**Work item**
For the listing below, report all lines that hold the word "Treatment".

**Available records**
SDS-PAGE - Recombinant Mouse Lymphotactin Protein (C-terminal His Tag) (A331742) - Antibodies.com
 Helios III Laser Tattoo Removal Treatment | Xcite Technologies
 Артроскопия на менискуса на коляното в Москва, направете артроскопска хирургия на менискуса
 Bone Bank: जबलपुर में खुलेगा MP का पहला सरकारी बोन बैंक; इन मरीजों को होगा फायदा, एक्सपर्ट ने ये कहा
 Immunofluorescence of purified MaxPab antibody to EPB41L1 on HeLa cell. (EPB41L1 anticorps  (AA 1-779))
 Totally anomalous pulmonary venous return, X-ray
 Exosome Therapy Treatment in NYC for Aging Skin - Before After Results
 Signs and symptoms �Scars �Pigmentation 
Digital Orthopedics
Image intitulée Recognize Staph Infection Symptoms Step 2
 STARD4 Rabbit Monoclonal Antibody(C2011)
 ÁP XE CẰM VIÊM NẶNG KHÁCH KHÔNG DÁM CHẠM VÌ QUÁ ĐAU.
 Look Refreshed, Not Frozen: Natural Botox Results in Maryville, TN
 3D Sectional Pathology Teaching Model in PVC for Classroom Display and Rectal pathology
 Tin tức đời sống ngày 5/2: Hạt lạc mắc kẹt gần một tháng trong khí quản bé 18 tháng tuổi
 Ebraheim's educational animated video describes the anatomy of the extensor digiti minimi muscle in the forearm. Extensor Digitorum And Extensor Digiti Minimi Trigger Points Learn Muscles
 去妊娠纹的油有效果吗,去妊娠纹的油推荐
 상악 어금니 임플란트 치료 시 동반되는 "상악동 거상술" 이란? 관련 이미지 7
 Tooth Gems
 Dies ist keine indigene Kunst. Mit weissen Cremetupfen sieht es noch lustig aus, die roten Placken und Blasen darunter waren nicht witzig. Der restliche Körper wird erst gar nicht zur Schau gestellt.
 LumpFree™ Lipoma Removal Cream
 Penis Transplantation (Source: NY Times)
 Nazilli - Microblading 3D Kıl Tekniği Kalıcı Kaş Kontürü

**Solution**
 Helios III Laser Tattoo Removal Treatment | Xcite Technologies
 Exosome Therapy Treatment in NYC for Aging Skin - Before After Results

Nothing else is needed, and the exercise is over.